Bostic would have celebrated her 25th birthday on December 23. It’s been eight years. She was buried on her birthday. Her doting mother grieved for Bostic for five years. She admitted it was a painful odyssey. She has only now begun to come to terms with the loss of her beloved child. Interviewed on Friday, at her City Hall, Knox Street, Port-of-Spain, office Bostic said: “It’s been five years of pain. After all the excitement and everything had died down, it was very, very difficult. For about five years, the tragedy kept coming back.
“Besides speaking about it among family members, it would come back. If you hear something that would jog a memory. It was not easy to even watch a video. After five years, it became easier.” Bostic had to accept she would not come bursting through the door of their Rosalino Street, Woodbrook, home.
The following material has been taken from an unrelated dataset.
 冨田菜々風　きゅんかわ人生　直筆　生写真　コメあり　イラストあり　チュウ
The coy child turned soca diva would never leave a pulsating fete at St John’s, Antigua, to head to Port-of-Spain. “You can’t ignore the void that was left. Onika was not here. She was gone.” Bostic struggled emotionally to get to a place of inner peace.
“I always hear people say no parent likes to bury a child. I could relate to that now. I know what they have to undergo. It is something I question. Did I do something wrong? Did I falter in some areas.” Reaching for a tissue, Bostic said: “You just have to go on with life. You just try and go on.” Today, she is sustained by memories of her daughter’s fondness for dressing up, artwork, penchant for Patraj roti and avid interest in festivals ranging from Divali to Christmas.
Premonition of death
Asked if she had sensed Bostic would depart the earth in the prime of her life, she said: “I always knew she was special.” But she cautiously avoided the sentiment that her fate had been sealed. It was impossible to miss her caring character. She said: “It was strange a small child could be so caring, more than a child of that age. She would feel sorry for somebody...for strays. When my mother (Lucy Bostic) passed suddenly at home, she recognised from one of my comments she might have been dead.
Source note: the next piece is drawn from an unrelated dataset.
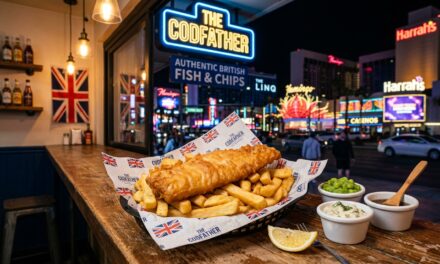 The Codfather: Authentic British Fish and Chips Near the Strip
She said: “Mummy, don’t cry.” Her voice trailed. “It is always said it is children like those that don’t live.” When Bostic started earning hot dollars in the soca industry, she began to share the dividends with her family. Bostic said: “She didn’t think about herself. The first thing she did was to tile the back of the house. There are days when you walk in the back and you see the white tiles. That was why it was difficult for me to speak about her for five years. She was that kind of person.”
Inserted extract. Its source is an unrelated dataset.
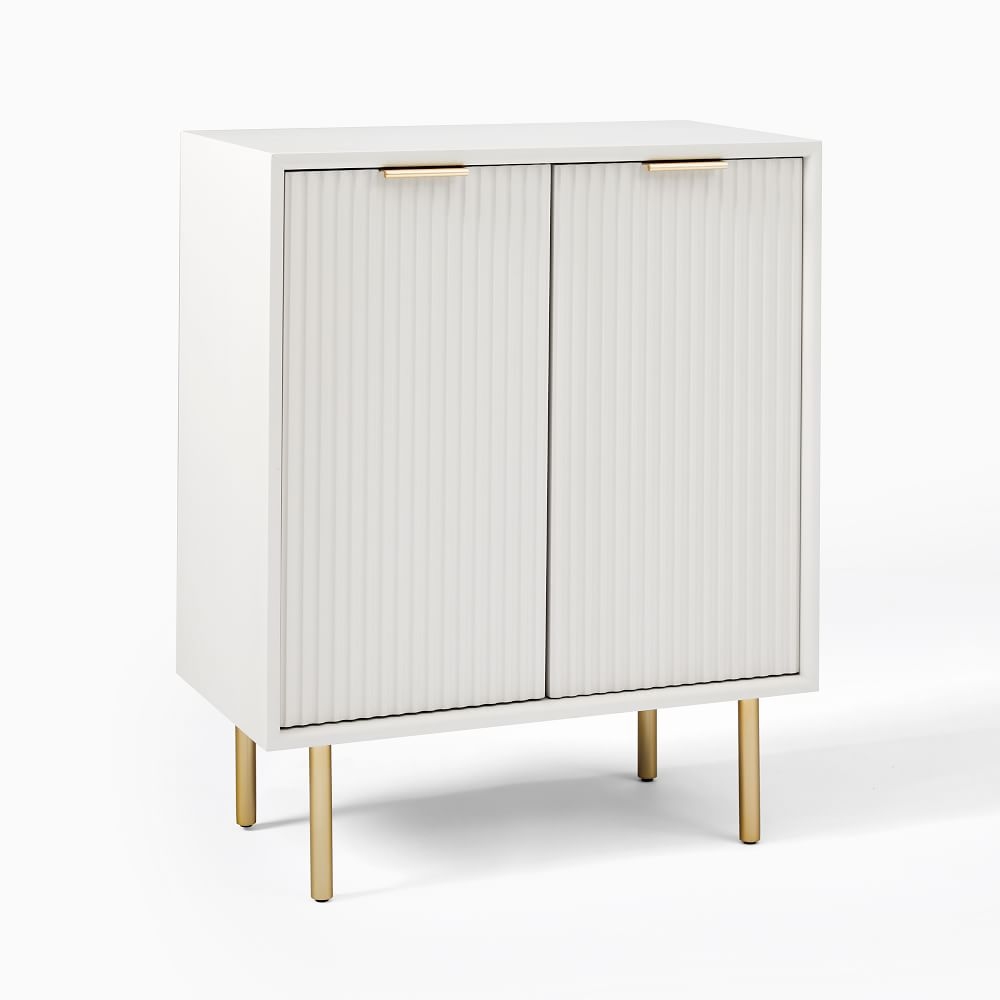 West shop elm cabinet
Bostic said she had declined previous interviews. Still grieving for her precious child, she said: “I am still not in place where I could sit and chat without breaking down. “Just imagine you have a nice little child and you are traumatised if it falls down and gets a cut in the yard. Imagine how you would react to losing a child forever.”
The zip dream
Bostic had a strange dream two months before her daughter’s untimely demise. With a mother’s intuition, she said: “I knew something was wrong. I noticed her zip was down and I fixed it. I clapped to get her attention. When she was heading back, it gave trouble again. And she decided not to go on stage.” She linked the “strange dream” to another she had before Bostic was born. There was an easygoing young man in the neighbourhood.
“I went to a play with Chinese people. When one of them took a swipe, the head fell in my lap. I didn’t take that to be a symbol of death.” But the “strange stage dream” unfolded when the young man bought a vehicle and tried it out. Sadly, he died in an accident. “That year a lot of people I knew and relatives of co-workers died.”
Thanks people for support
While Bostic fought desperately for her life, people from all walks of life turned up at her home. The prayer sessions were intense. Bostic had won hearts with hits like Mash It Up. “It was her personality,” she gushed. Before she got to a point of accepting her death, she said one particular neighbour from Venezuela made a vow “not to lose Jacinta.” She said: “I am not going to lose you. She has been there, especially in the spiritual side. I saw my mother die from grief.” She expressed thanks to people who commiserated and expressed condolences.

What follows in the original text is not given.